Thursday, July 29, 2010

Extending Hive with Custom UDTFs

Let’s take a look at the canonical word count example in Hive: given a table of documents, create a table containing each word and the number of times it appears across all documents.


Here’s one implementation from the Facebook engineers:



CREATE TABLE docs(contents STRING);

FROM (
MAP docs.contents
USING 'tokenizer_script'
AS
word,
cnt
FROM docs
CLUSTER BY word
) map_output
REDUCE map_output.word, map_output.cnt
USING 'count_script'
AS
word,
cnt
;

In this example, the heavy lifting is being done by calling out to two scripts, ‘tokenizer_script’ and ‘count_script’, that provide custom mapper logic and reducer logic.


Hive 0.5 adds User Defined Table-Generating Functions (UDTF), which offers another option for inserting custom mapper logic. (Reducer logic can be plugged in via a User Defined Aggregation Function, the subject of a future post.) From a user perspective, UDTFs are similar to User Defined Functions except they can produce an arbitrary number of output rows for each input row. For example, the built-in UDTF “explode(array A)” converts a single row of input containing an array into multiple rows of output, each containing one of the elements of A.


So, let’s implement a UDTF that does the same thing as the ‘tokenizer_script’ in the word count example. Basically, we want to convert a document string into multiple rows with the format (word STRING, cnt INT), where the count will always be one.


The Tokenizer UDTF


To start, we extend the org.apache.hadoop.hive.ql.udf.generic.GenericUDTF class. (There is no plain UDTF class.) We need to implement three methods: initialize, process, and close.

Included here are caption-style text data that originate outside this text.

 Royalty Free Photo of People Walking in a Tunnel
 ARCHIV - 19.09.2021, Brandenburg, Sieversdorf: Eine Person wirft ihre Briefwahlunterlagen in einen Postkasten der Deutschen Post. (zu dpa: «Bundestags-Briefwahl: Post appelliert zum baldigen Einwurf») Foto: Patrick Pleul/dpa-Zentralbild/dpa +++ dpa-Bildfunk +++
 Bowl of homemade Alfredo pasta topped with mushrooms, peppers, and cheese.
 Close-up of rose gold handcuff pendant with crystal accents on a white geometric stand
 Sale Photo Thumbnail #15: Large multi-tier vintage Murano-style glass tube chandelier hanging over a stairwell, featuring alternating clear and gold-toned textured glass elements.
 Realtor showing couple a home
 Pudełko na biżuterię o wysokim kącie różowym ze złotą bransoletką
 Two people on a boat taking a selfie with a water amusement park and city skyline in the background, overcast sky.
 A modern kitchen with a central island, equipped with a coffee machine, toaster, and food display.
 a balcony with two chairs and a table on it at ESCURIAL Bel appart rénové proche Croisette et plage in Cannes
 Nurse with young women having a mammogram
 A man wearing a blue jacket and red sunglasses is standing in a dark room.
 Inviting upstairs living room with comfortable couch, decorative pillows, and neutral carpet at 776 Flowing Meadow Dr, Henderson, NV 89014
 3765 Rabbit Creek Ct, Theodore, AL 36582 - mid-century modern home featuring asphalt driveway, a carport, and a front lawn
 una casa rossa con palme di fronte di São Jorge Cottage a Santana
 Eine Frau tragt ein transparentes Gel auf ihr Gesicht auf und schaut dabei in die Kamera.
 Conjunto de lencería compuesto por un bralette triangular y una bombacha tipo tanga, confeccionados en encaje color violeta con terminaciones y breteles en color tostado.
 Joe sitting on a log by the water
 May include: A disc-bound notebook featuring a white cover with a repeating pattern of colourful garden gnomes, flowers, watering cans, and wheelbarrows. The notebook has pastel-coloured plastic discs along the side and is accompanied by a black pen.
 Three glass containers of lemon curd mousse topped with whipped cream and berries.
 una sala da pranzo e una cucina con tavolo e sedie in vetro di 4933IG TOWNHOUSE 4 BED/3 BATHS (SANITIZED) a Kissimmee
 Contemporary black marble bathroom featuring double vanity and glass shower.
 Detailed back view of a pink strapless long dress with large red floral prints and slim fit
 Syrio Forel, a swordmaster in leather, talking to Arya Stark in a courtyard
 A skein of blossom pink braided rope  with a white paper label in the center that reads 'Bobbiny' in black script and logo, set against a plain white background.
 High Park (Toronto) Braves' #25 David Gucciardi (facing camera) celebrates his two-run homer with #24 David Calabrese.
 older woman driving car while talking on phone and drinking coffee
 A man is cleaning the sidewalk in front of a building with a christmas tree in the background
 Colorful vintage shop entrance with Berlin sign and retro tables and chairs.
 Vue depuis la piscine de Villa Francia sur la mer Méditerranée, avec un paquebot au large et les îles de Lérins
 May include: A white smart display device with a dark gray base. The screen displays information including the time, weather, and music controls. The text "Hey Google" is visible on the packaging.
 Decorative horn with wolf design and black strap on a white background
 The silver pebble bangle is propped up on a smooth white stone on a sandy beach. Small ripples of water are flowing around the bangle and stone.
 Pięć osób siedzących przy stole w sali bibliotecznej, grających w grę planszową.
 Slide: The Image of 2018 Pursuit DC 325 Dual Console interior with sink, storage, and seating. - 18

To emit output, we call the forward method.


Adding a name and description:



@description(name = "tokenize", value = "_FUNC_(doc) - emits (token, 1) for each token in the input document")
public class TokenizerUDTF extends GenericUDTF {

You can add a UDTF name and description using a @description annotation. These will be available on the Hive console via the show functions and describe function tokenize commands.


The initialize method:



public StructObjectInspector initialize(ObjectInspector[] args) throws UDFArgumentException

This method will be called exactly once per instance. In addition to performing any custom initialization logic you may need, it is responsible for verifying the input types and specifying the output types.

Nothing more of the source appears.